Tyco analyst charged with issuing misleading, exaggerated research reports
May 29, 2003
WASHINGTON - A top Merrill Lynch analyst considered an expert on Tyco International has been charged by securities regulators with a series of securities violations that include issuing research reports on Tyco containing misleading information, giving out non-public information and giving gifts to company executives.

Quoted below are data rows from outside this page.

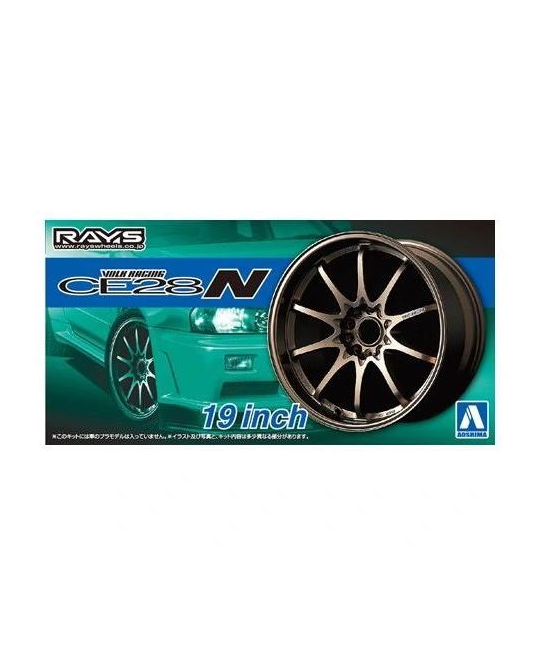 1/24 Volk Racing CE28N 19 inch Rims & Tires - 5391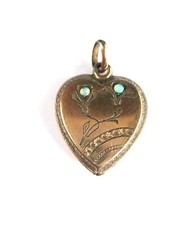 Antico Pendente Cuore Con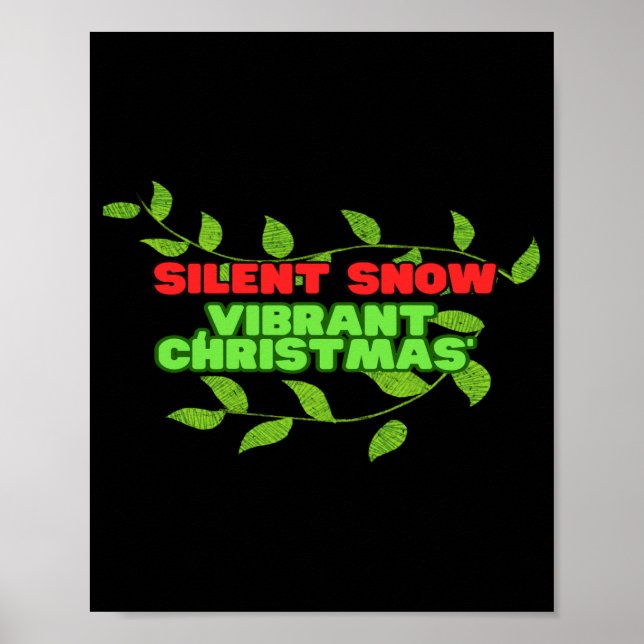 Affiche Silent And Vibrant Christmas  (Devant)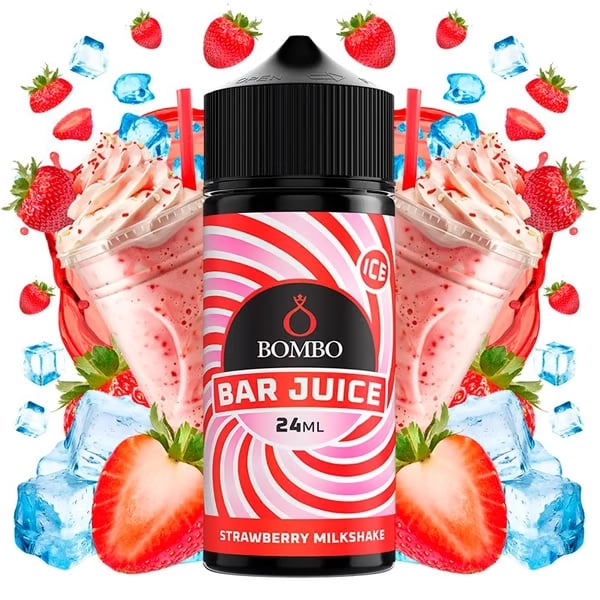 Aroma Strawberry Milkshake Ice - Bar Juice by Bombo (Longfill)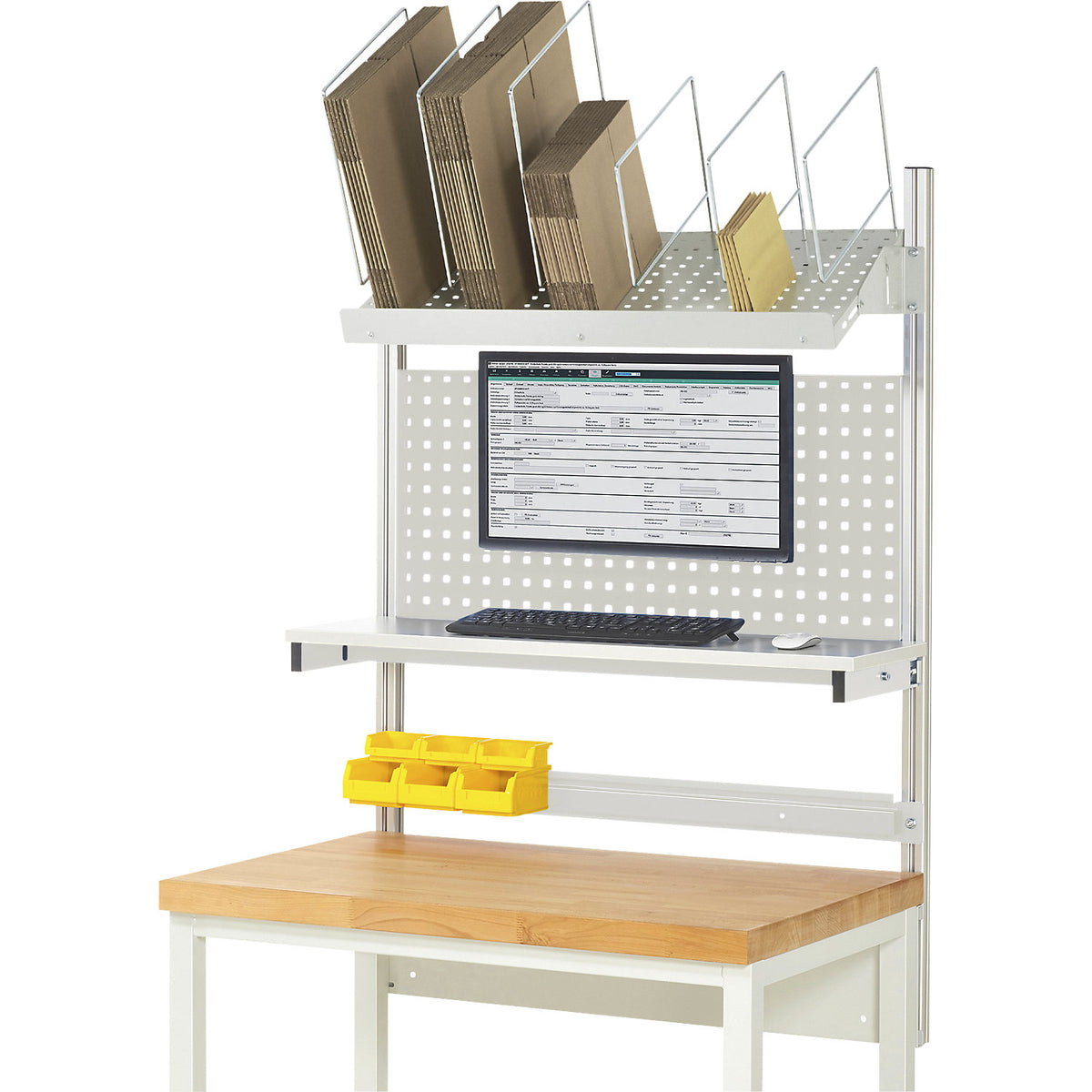 Complete modular system set 3, for workbench, width 1000 mm.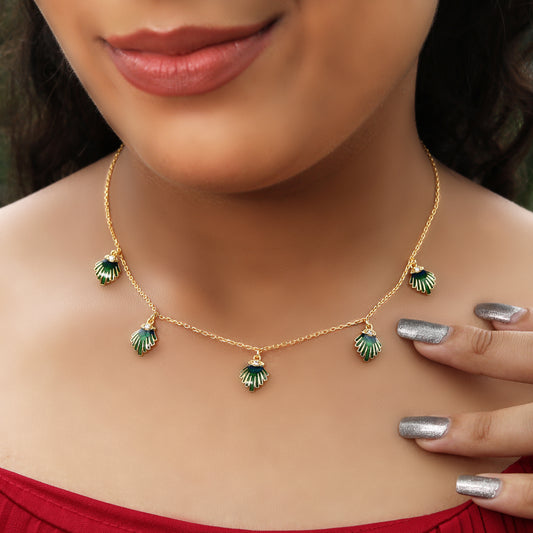 Sea Breeze Charm Necklace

In its complaint, filed Wednesday, NASD, a regulatory body that oversees registered securities professionals, alleges that Phua Young published reports that contradicted his private thoughts about the company and routinely gave Tyco advance copies of the reports. Young also gave L. Dennis Kozlowski, Tyco's former chairman and chief executive officer a case of wine, valued at more than $4,500, and took multiple trips on Tyco's corporate jets. Young was formerly a managing director and senior research analyst with Merrill Lynch who was fired in April 2002.
"Young's close relationship with Tyco compromised his independence as a research analyst," the complaint reads.
The majority of the charges stem from events that took place between February and April 2002, when Tyco planned to spin off CIT, its commercial lending arm. In his reports, NASD said Young inflated his assumptions of CIT's sale price and, in private, expressed a negative view of Tyco's debt level.
Under NASD rules, Young can file a response to the charges and request a NASD panel hearing. He faces a fine, suspension, or possibly expulsion from the NASD.